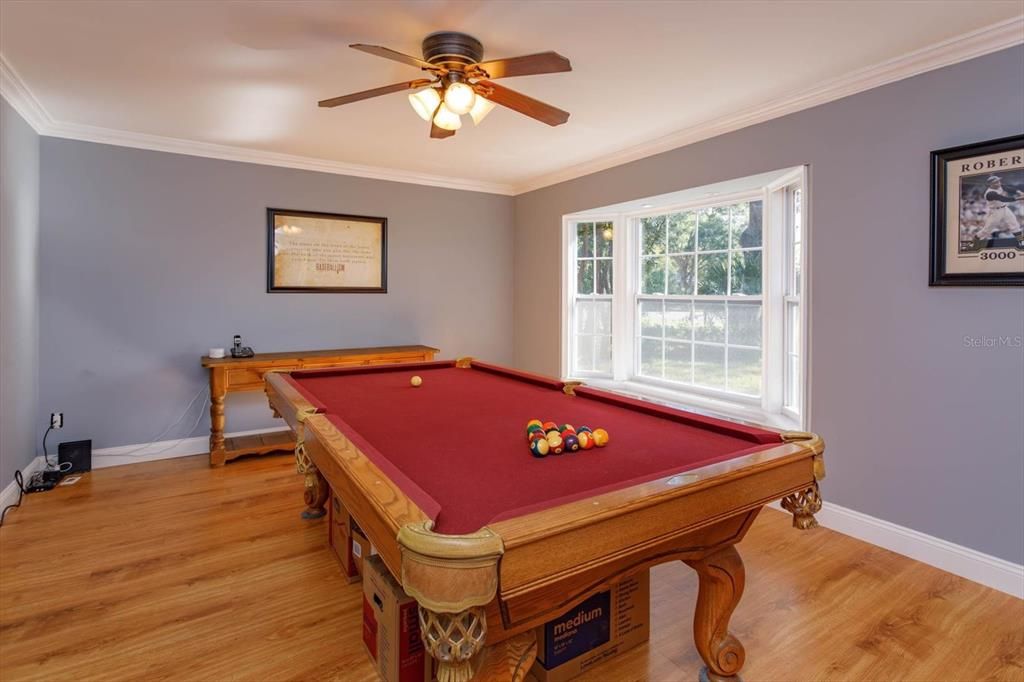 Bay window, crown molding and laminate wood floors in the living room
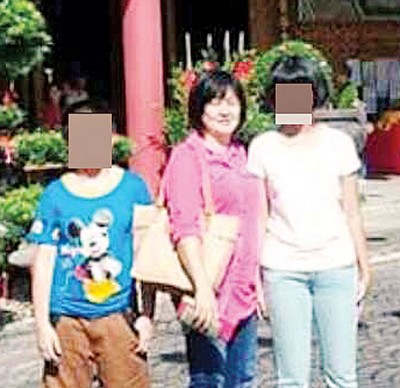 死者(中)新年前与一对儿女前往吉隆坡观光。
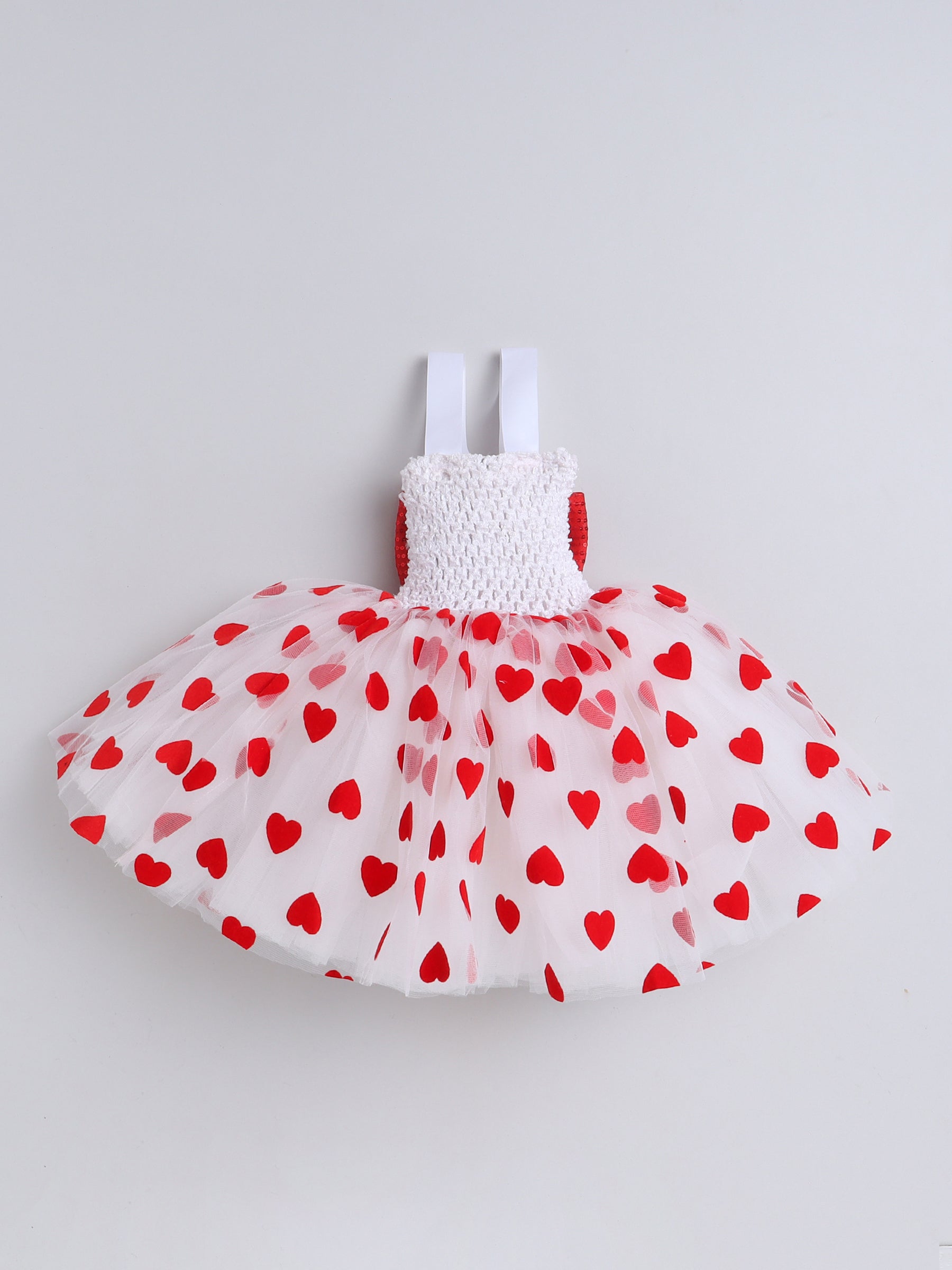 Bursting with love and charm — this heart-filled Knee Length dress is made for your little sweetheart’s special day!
****************************************
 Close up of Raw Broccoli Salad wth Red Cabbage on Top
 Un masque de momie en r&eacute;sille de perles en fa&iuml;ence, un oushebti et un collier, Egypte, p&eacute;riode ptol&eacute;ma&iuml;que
****************************************
### WHAT YOU NEED TO DO
Copy word for word the lines above, starting at the line containing "Bay window, crown" and ending at the line containing "Bursting with love", inclusive, with no pictures.

### SOLVED PROBLEM
 Bay window, crown molding and laminate wood floors in the living room
 死者(中)新年前与一对儿女前往吉隆坡观光。
 Bursting with love and charm — this heart-filled Knee Length dress is made for your little sweetheart’s special day!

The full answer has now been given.